(Short web captions)
################

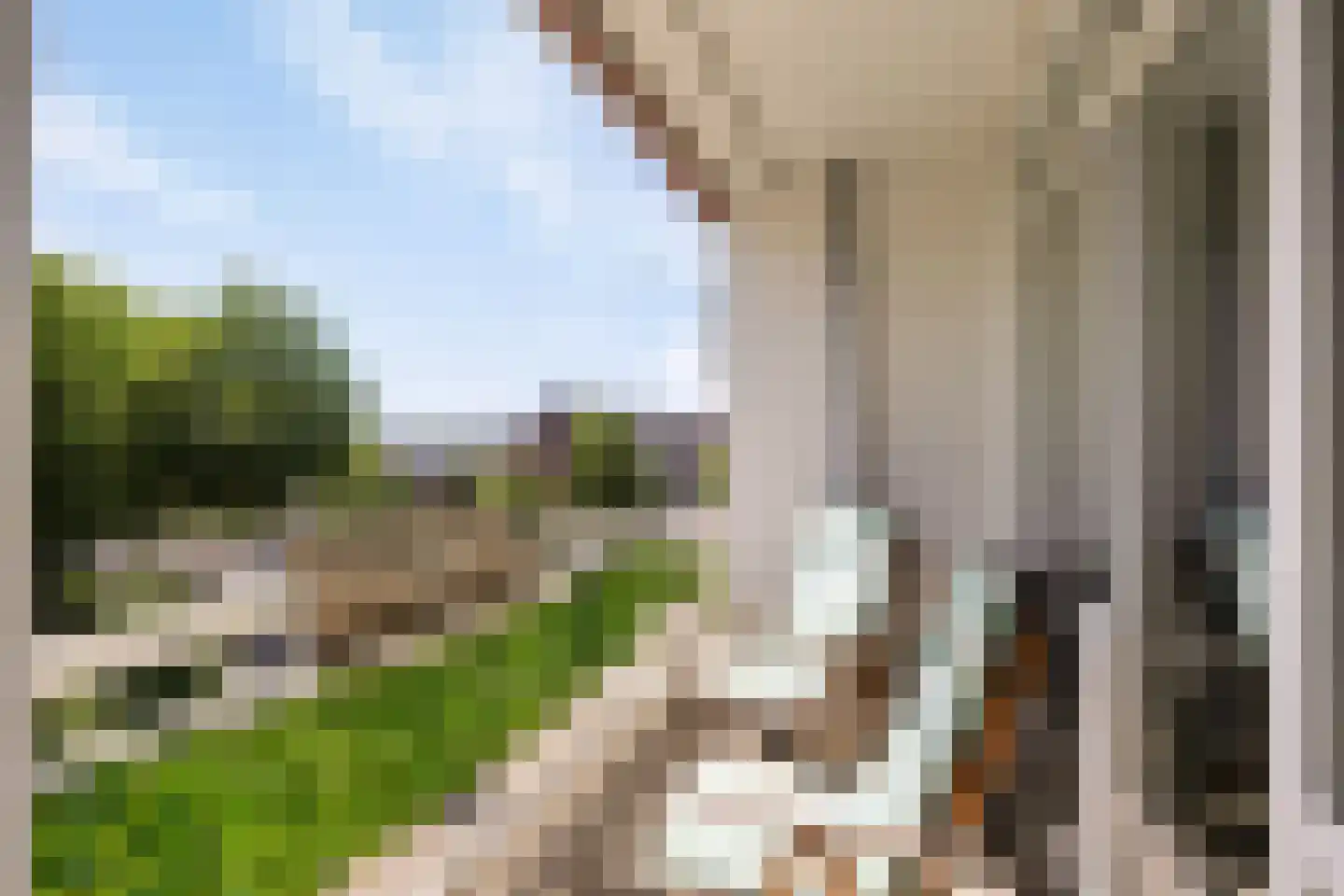 Starrenburglaan 97 Wassenaar thumbnail 4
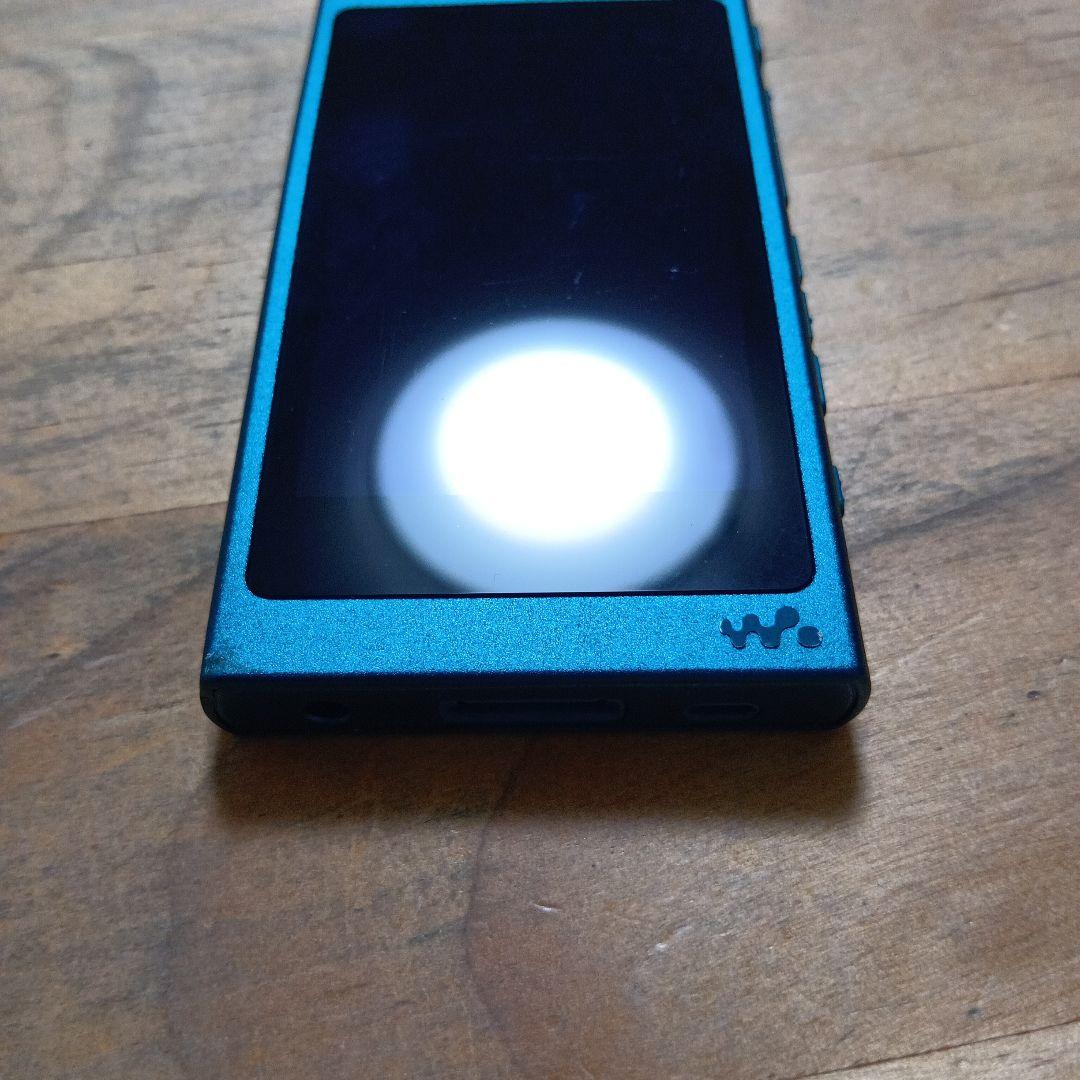 近*勇様 SONYウォークマン　NW-A35 16GB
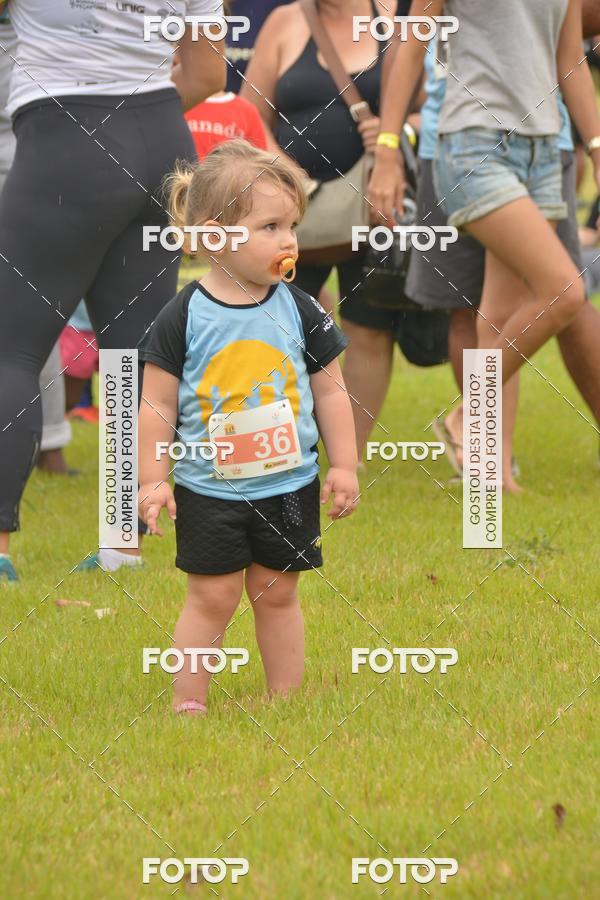 Buy your photos of the eventCircuito Extreme - RJ on Fotop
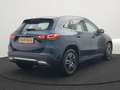 Mercedes-Benz GLA 250 e Style Plug In Hybrid 218pk Dealer O.H. PHEV | 36 Bleu - thumbnail 4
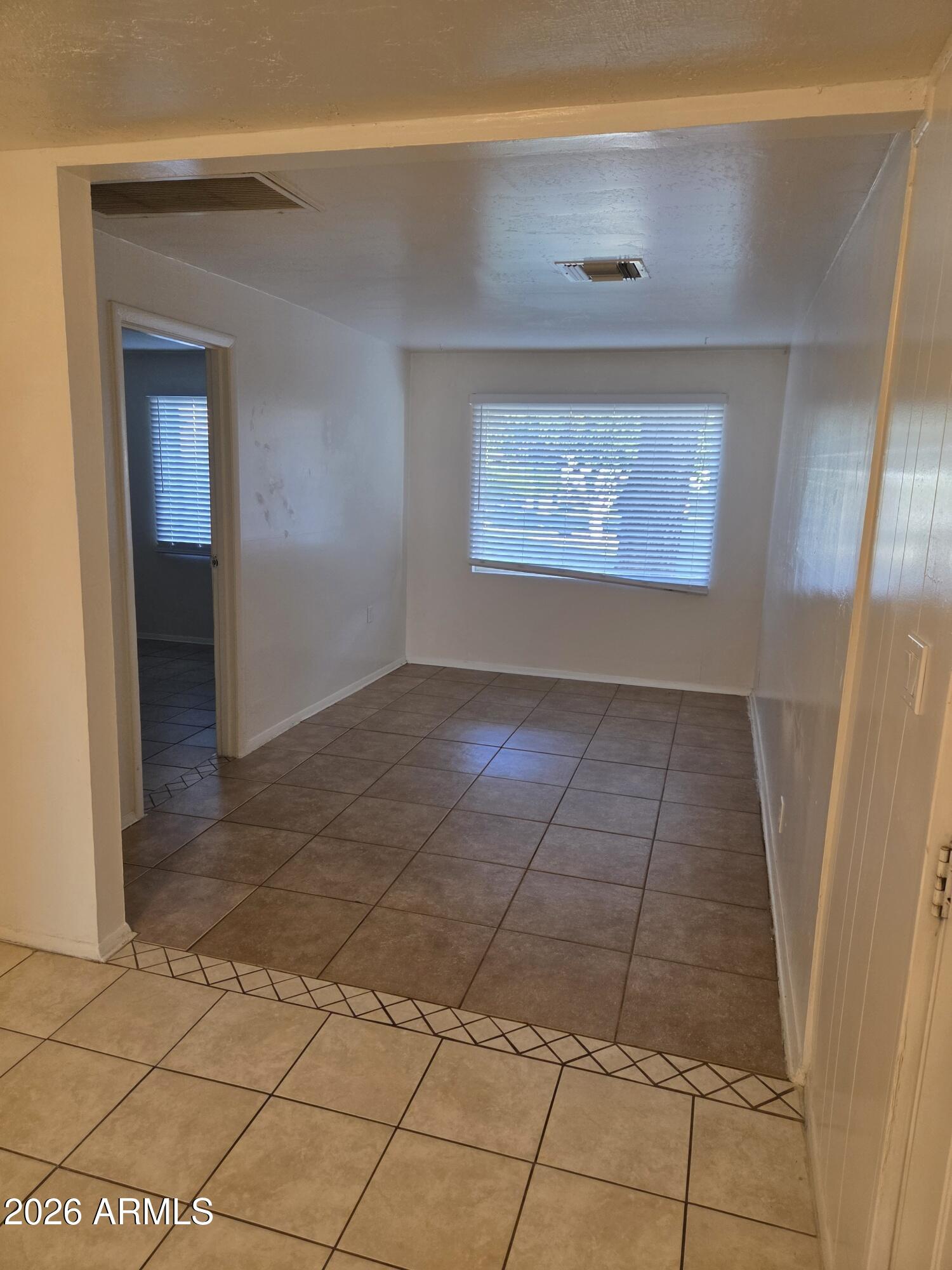 Victor Park - Residential Income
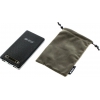 Аккумулятор HIPER Power Bank <XP10500> (2xUSB  2.1A,  10500mAh,  Li-Pol)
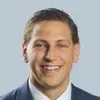 Adam Rossbach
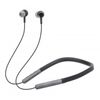 Manhattan-179805-cuffia-e-auricolare-Wireless-In-ear-Musica-e-Chiamate-Micro-USB-Bluetooth-Nero--EARPHONES-HEADSET-BLUET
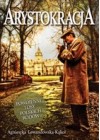 ARYSTOKRACJA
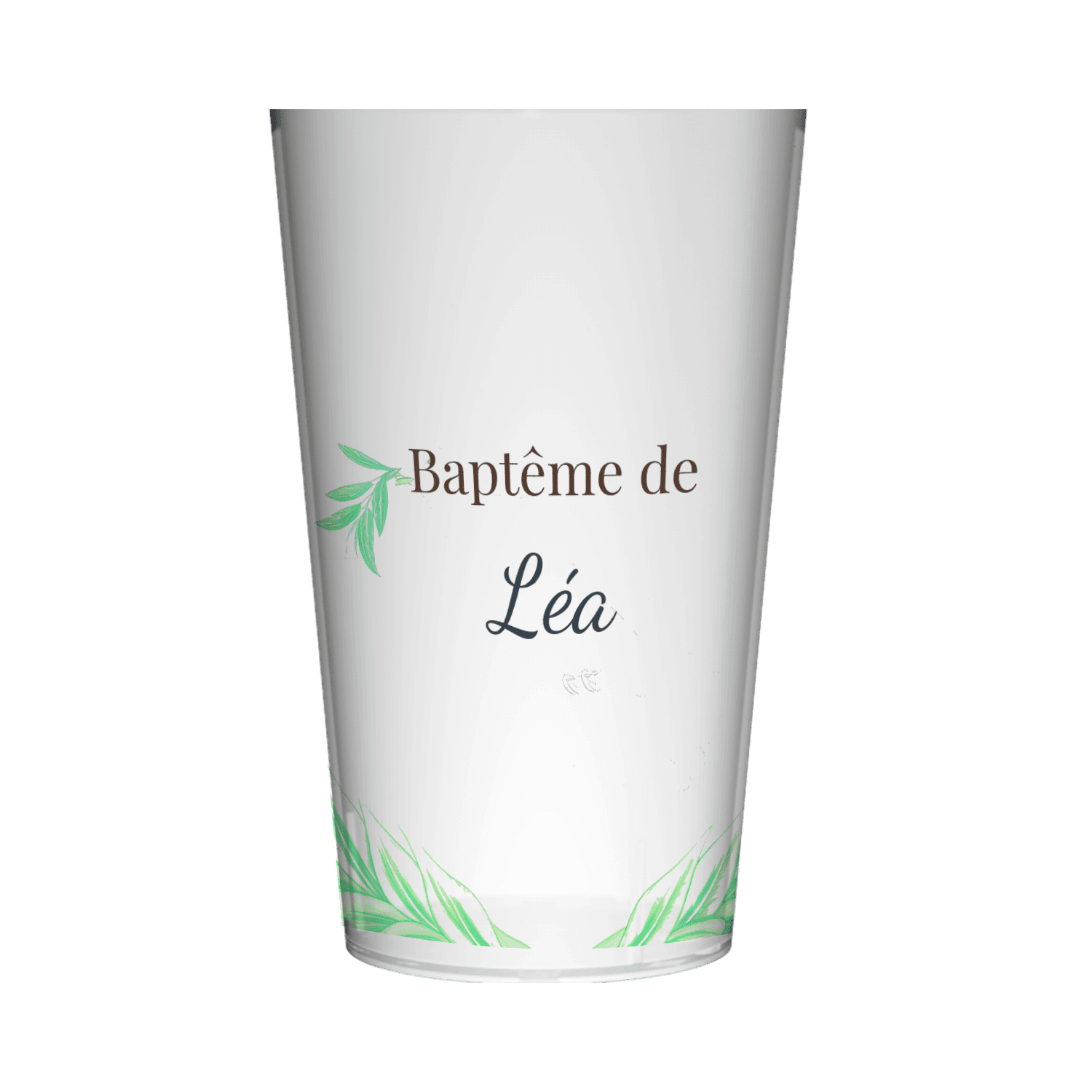 Image produit 1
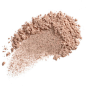 Pixi Fairy Dust Eyeshadow (0.6g)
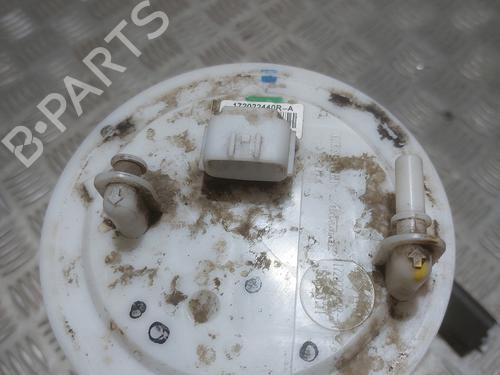 Fuel pump DACIA LODGY (JS_) 1.2 TCe (JSAY, JSM0) | BP30725526M76  - Image 5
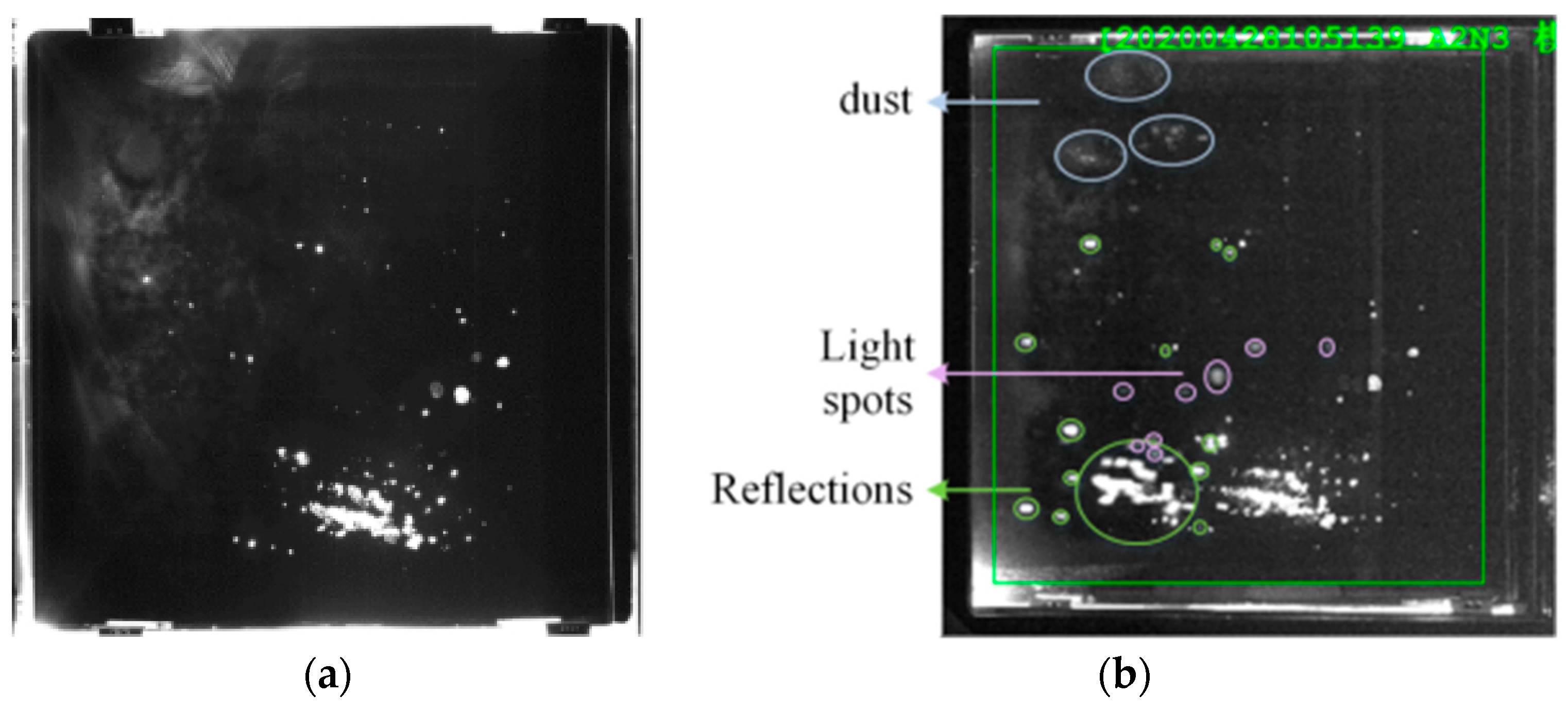 Preprints 103497 g001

################

What the task requires: All of the entries must be reproduced exactly, apart from the pictures, which are to be dropped.

Answer section:
 Starrenburglaan 97 Wassenaar thumbnail 4
 近*勇様 SONYウォークマン　NW-A35 16GB
 Buy your photos of the eventCircuito Extreme - RJ on Fotop
 Mercedes-Benz GLA 250 e Style Plug In Hybrid 218pk Dealer O.H. PHEV | 36 Bleu - thumbnail 4
 Victor Park - Residential Income
 Аккумулятор HIPER Power Bank <XP10500> (2xUSB  2.1A,  10500mAh,  Li-Pol)
 Adam Rossbach
 Manhattan-179805-cuffia-e-auricolare-Wireless-In-ear-Musica-e-Chiamate-Micro-USB-Bluetooth-Nero--EARPHONES-HEADSET-BLUET
 ARYSTOKRACJA
 Image produit 1
 Pixi Fairy Dust Eyeshadow (0.6g)
 Fuel pump DACIA LODGY (JS_) 1.2 TCe (JSAY, JSM0) | BP30725526M76  - Image 5
 Preprints 103497 g001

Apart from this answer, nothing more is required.